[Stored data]
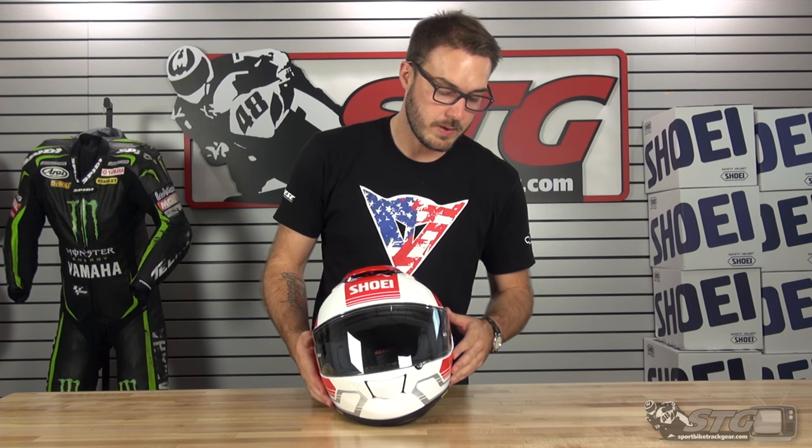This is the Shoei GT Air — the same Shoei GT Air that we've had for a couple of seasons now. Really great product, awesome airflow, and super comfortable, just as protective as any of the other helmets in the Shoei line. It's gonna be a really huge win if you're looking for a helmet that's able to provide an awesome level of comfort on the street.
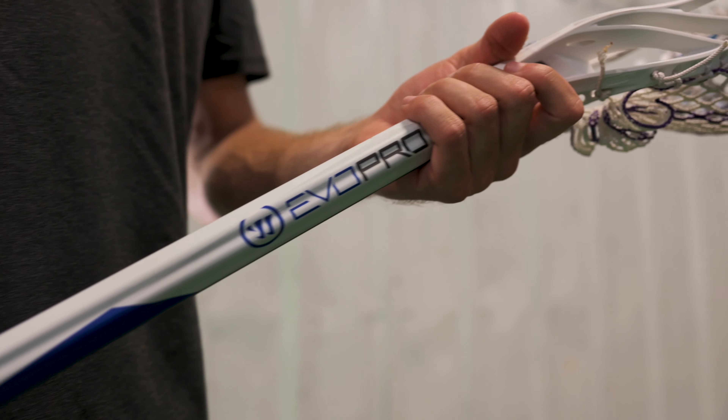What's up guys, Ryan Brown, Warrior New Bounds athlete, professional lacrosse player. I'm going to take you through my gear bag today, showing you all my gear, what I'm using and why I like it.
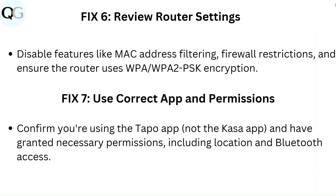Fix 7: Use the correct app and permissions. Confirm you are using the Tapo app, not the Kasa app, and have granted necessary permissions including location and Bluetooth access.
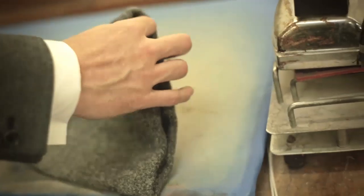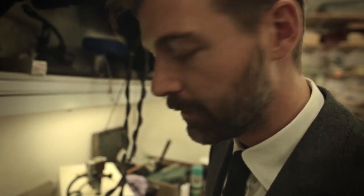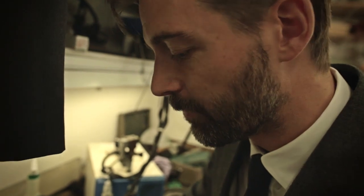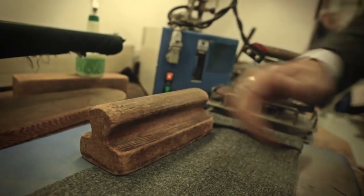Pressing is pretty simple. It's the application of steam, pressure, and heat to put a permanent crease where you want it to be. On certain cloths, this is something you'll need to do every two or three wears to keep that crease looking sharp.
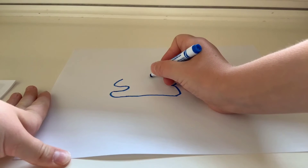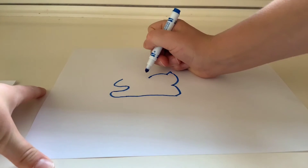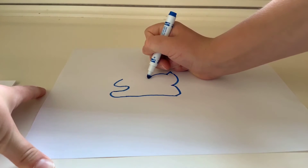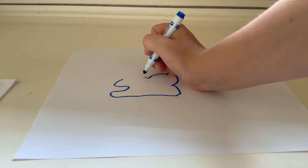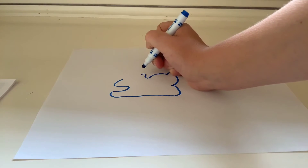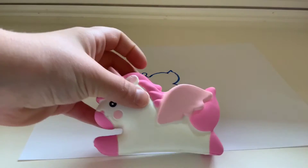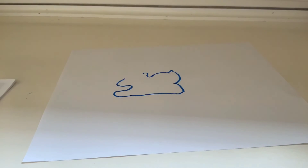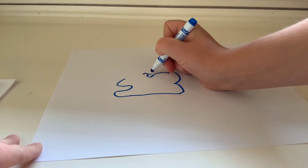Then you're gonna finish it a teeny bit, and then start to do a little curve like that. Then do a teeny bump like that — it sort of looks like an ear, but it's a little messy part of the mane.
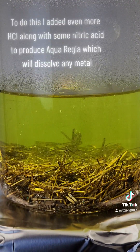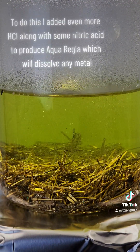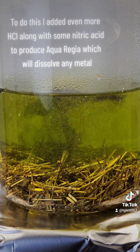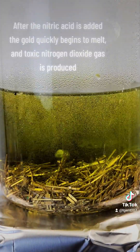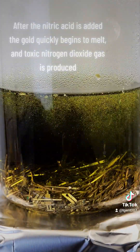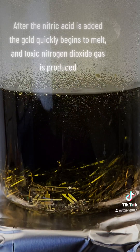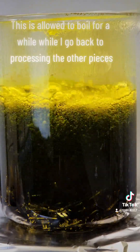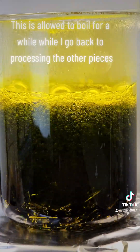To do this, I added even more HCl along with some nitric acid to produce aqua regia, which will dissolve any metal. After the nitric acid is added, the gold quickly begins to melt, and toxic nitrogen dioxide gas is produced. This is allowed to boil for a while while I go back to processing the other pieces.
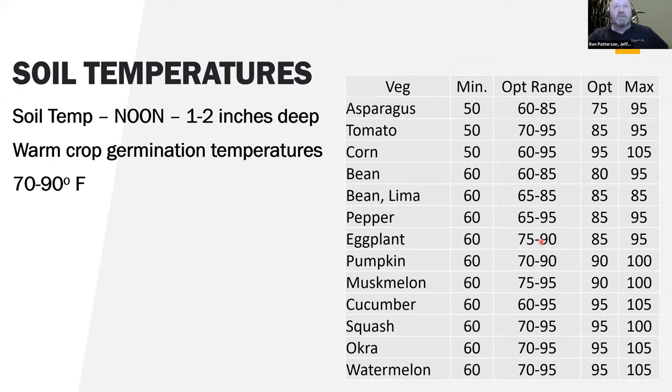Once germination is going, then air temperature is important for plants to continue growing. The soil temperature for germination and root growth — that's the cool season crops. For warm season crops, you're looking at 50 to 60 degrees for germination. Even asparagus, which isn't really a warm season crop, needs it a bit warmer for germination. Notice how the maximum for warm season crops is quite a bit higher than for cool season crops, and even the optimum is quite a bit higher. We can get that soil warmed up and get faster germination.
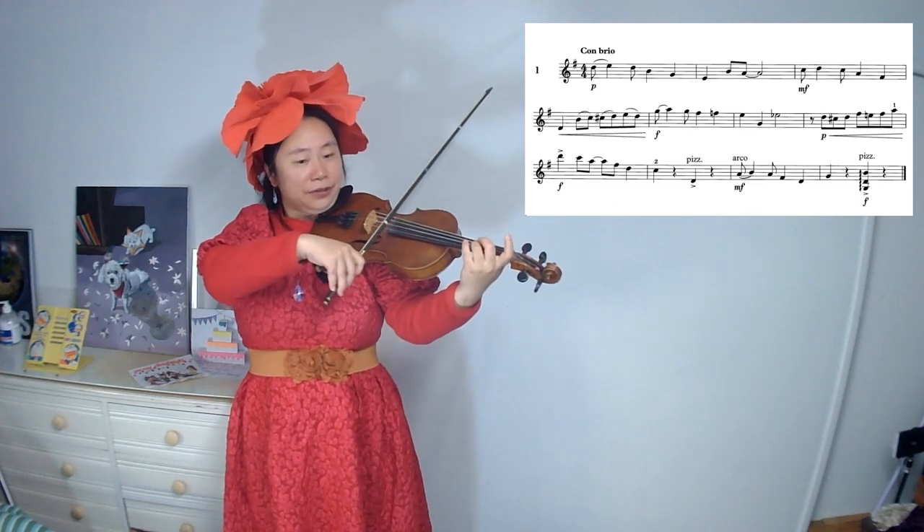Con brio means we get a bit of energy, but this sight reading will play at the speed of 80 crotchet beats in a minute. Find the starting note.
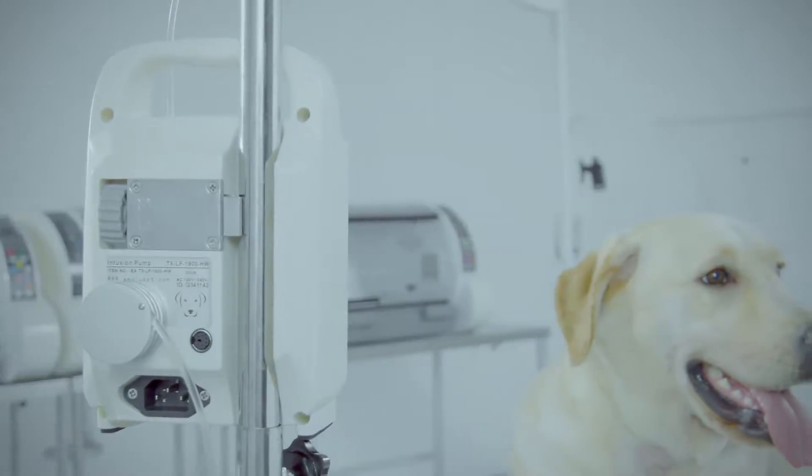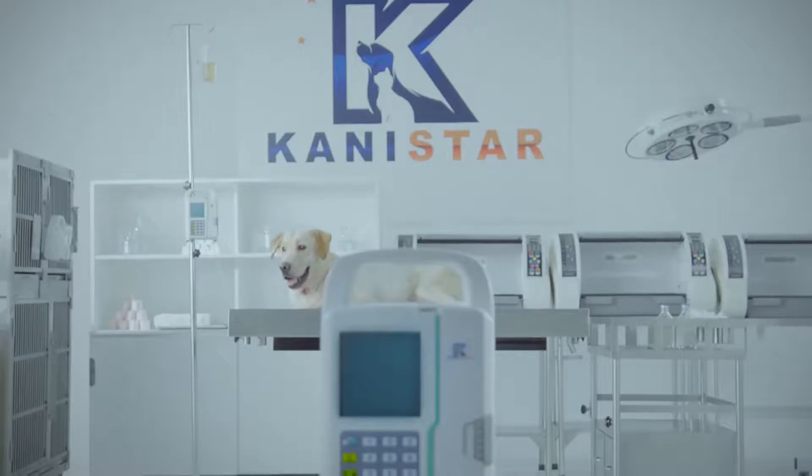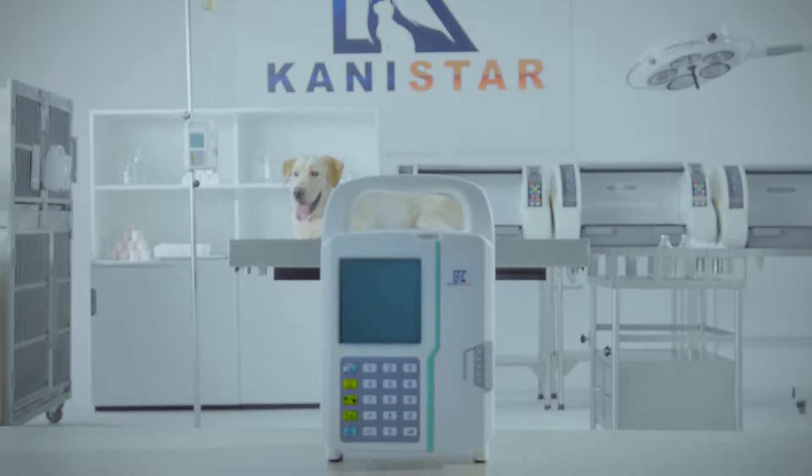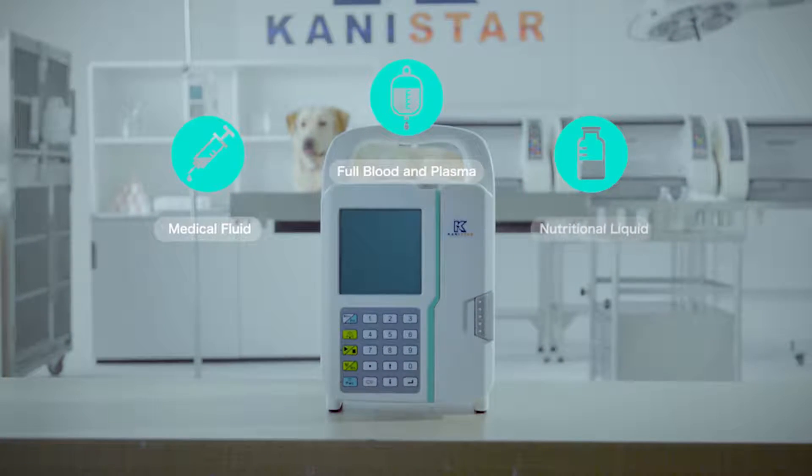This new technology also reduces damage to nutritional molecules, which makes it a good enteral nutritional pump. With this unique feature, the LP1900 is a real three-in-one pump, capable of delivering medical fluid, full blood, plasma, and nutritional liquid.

**EXERCISE BRIEF**:
May I have only the lines from the start of the data through the line containing "Fix 7: Use the", both included, reproduced exactly and without the pictures?

**EXERCISE RESULT**:
This is the Shoei GT Air — the same Shoei GT Air that we've had for a couple of seasons now. Really great product, awesome airflow, and super comfortable, just as protective as any of the other helmets in the Shoei line. It's gonna be a really huge win if you're looking for a helmet that's able to provide an awesome level of comfort on the street.
What's up guys, Ryan Brown, Warrior New Bounds athlete, professional lacrosse player. I'm going to take you through my gear bag today, showing you all my gear, what I'm using and why I like it.
Fix 7: Use the correct app and permissions. Confirm you are using the Tapo app, not the Kasa app, and have granted necessary permissions including location and Bluetooth access.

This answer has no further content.